TV Archive

Any Open Data is good data, right? So here's an archive of the daily TV program of German private broadcasters Pro7, Sat1, and Kabel1, starting April 2018.

Just looking for the download link? Download the Archive

Update 2020

Starting from November 17th 2020, the archive also contains data for the following broadcasters: ARD, ZDF, WDR, NDR, 3sat, arte, phoenix, vox, RTL and RTL2. This data is sourced from various undocumented APIs and differs in format from channel to channel. For some broadcasters, the daily archived data contains program information of the past day as well. For all others, re-ingested data is available as for the originally supported channels.

Source & Motivation

For the last few years I have been providing an app for German TV program listings for the rather niche SailfishOS (see rec0de.net/upnext). In the process of live-scraping the current shows from a dozen broadcaster websites, I discovered an obscure API used by the ProSiebenSat.1 media group that returns JSON-formatted program information about a week into past and future. This API endpoint, should you be interested in getting your own data, can be found at epgservice.7tv.de and also provides data for the smaller channels of the group.

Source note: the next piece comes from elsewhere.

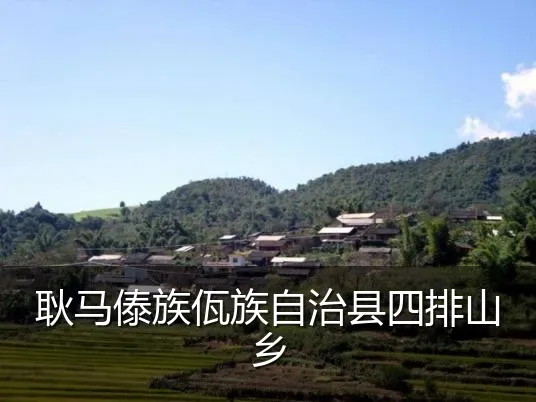 耿马傣族佤族自治县四排山乡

As I was already caching these API calls on my server, I decided I might as well archive them to create a very complete dataset of historic broadcasts for whoever might be interested in such a thing. To be honest, I don't really know what this data might be useful for, but I like the idea of having it around just in case. It's your turn to do something cool with it!

Data & Format

The archive consists of separate JSON files for each broadcaster and day - named [channel]_yyyy-mm-dd_[timestamp_retrieved].json where [channel] is one of 'pro7', 'sat1', or 'kabel1' and [timestamp_retrieved] is the UNIX timestamp the data was archived. The files contain the unedited API responses. Data is scraped as early on the day in question as possible - for most files, this should be around ten minutes after midnight. In the event of server failure on either side, the API call is reattempted every five minutes. Additionally, the previous day is archived again at the same time one day later and saved to a new file to capture short-term program changes (note that re-ingested data and retrieval timestamps are only available starting April 13th, 2018).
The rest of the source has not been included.